Głośna stała się ostatnio sprawa kolejnej osoby współpracującej ze sztabem Rafała Trzaskowskiego, a powiązanej z dawnymi służbami. Była już pani z bezpieki otrzymująca spore środki na stowarzyszenie, teraz jest były szef SKW, na którym ciążą zarzuty niedopełnienia obowiązków służbowych. Piotr P., bo o nim mowa był wtedy oddelegowany do Centrum Eksperckiego Kontrwywiadu NATO oraz kontaktów z przedstawicielami FSB.

Warto przypomnieć, że zarzuty dotyczące Piotra P. mówią o przechowywaniu dokumentów zawierających klauzule zastrzeżone, tajne i ściśle tajne z naruszeniem przepisów o ochronie informacji niejawnych oraz usunięcia kilku dokumentów z zasobu dokumentów niejawnych SKW, którymi nie miał prawa wyłącznie rozporządzać.

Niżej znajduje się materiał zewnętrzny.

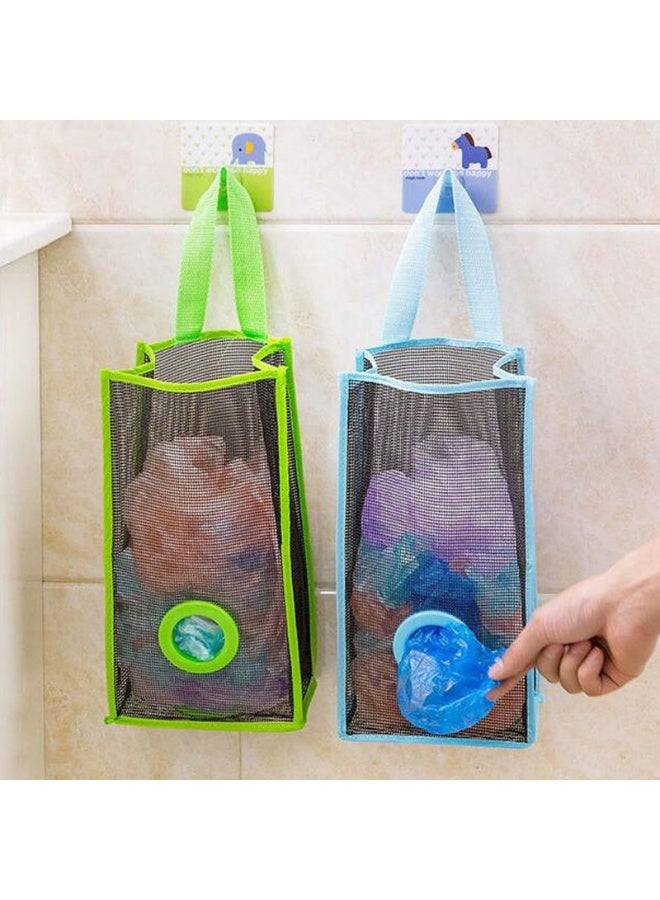 2 Pack Plastic Bag Holder, Grocery Bag Holder for Plastic Bags Mesh Hanging Storage Dispenser Trash Bag Organizer Shopping Bag Holder for Plastic Bags - Image 1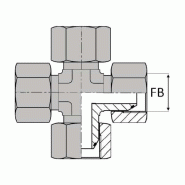 Té croix femelle tournant BSP - 2" , 56.65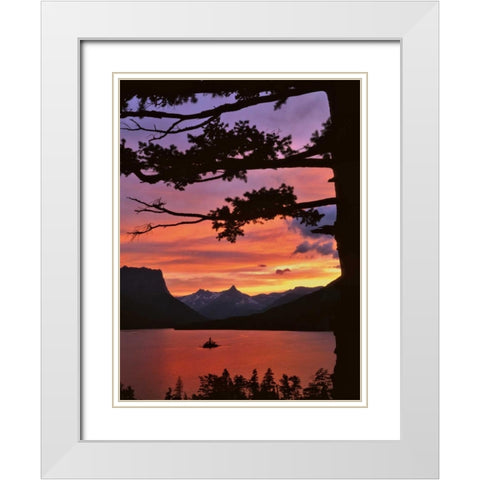 MT, Glacier NP St Mary Lake and Wild Goose Isl White Modern Wood Framed Art Print with Double Matting by Terrill, Steve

W programie #Jedziemy polityk PO, Marcin Kierwiński został zapytany o kontrowersje, jakie dotyczą tego właśnie doradcy Rafała Trzaskowskiego. Kierwiński stwierdził, że "żadne realne zarzuty na nim nie ciążą".

Dodał też:

- Ma zarzuty postawione przez prokuraturę na zlecenie polityczne polityków PiS. Żadne realne zarzuty na nim nie ciążą. Konsekwentnie i dobrze służył Polsce. Na tej podstawie można postawić zarzuty obozowi związanemu z Lechem Kaczyńskim, bo tam były podpisywane memorandum nt. wymiany z FSB informacjami wrażliwymi

Na do prowadzący program Michał Rachoń stwierdził:

- Polsce oficerowie, którzy mieli łapać szpiegów, podpisują umowę z rosyjską służbą specjalną bez zgody ministra obrony narodowej i bez zgody premiera, fotografują się w czapkach "Aurory", pancernika-pomnika, który jest muzeum rewolucji, która zabiła miliony ludzi na całym świecie i zniewoliła Polskę

Oraz zapytał:

- Czy spośród polskich oficerów, także generałów,również takim, którym bliżej jest do Marcina Kierwińskiego niż Antoniego Macierewicza, Rafał Trzaskowski nie mógł znaleźć doradcy, który nie ma zarzutów o współpracę z FSB?